The complementarity principle holds that objects have specific pairs of complementary properties which cannot all be observed or measured simultaneously.
Complementarity is a principle related to the need to use two mutually exclusive conceptual frameworks (e.g., waves vs. particles) to obtain a complete description of quantum phenomena.
The Uncertainty Principle applies to all objects but is only significant at the atomic or subatomic level.
Heisenberg’s uncertainty principle provides the mathematical proof for Bohr’s complementarity principle. It expresses a specific instance of complementarity concerning position and momentum measurements in precise mathematical terms. When you have a pair of observables that don’t match up, like position and momentum, angle and angular momentum, and energy and time, the uncertainty principle matches them up. The more accurately you know one of the pairs, the less you can learn about the other. It also implies that this is true because a quantum state cannot have a substantial value for both observables of that pair. Both are needed to obtain the complete picture. Countless particles can superimpose and occupy the exact location simultaneously, a physical interpretation known as superposition. You can never simultaneously know precisely where something is and how fast it is going.
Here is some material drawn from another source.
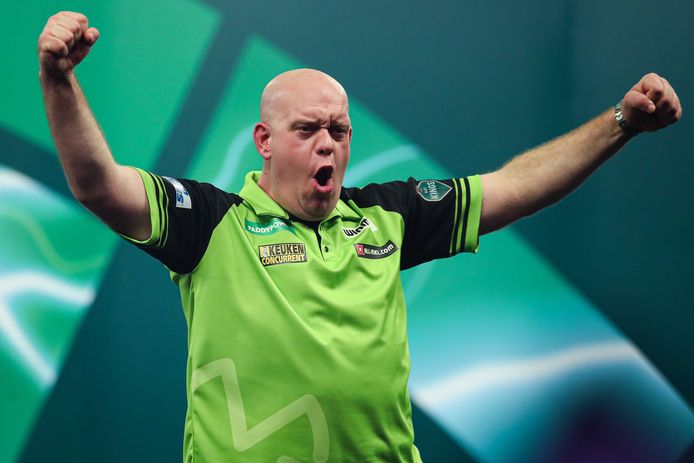 Michael van Gerwen emotioneel na behalen tiende kwartfinale WK darts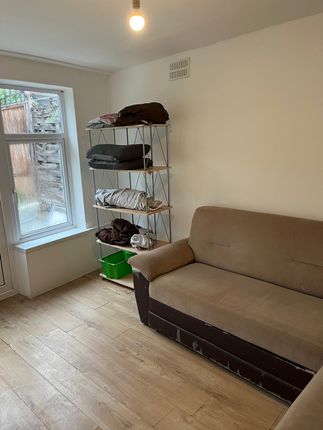 Carlyle Villa, Trinder Road, London photo 5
A material particle is considered a point particle because it is structured and rigid enough to have a center of mass. This is not so with a quantum particle spread out in space and has a wave-like nature.
An electron does not revolve around the nucleus in orbit. There are no paths. There are only orbitals. An excited electron, i.e., an electron at an orbital of higher energy, will remain in that orbital for a limited time. We only have orbitals. Nothing is revolving. You calculate the probability density of an electron around the nucleus through Schrodinger’s wave function and follow quantum mechanics.
There were always exceptions and modifications to the laws of physics, so, in the mid-19th century, scientists re-named newly discovered laws to become principles.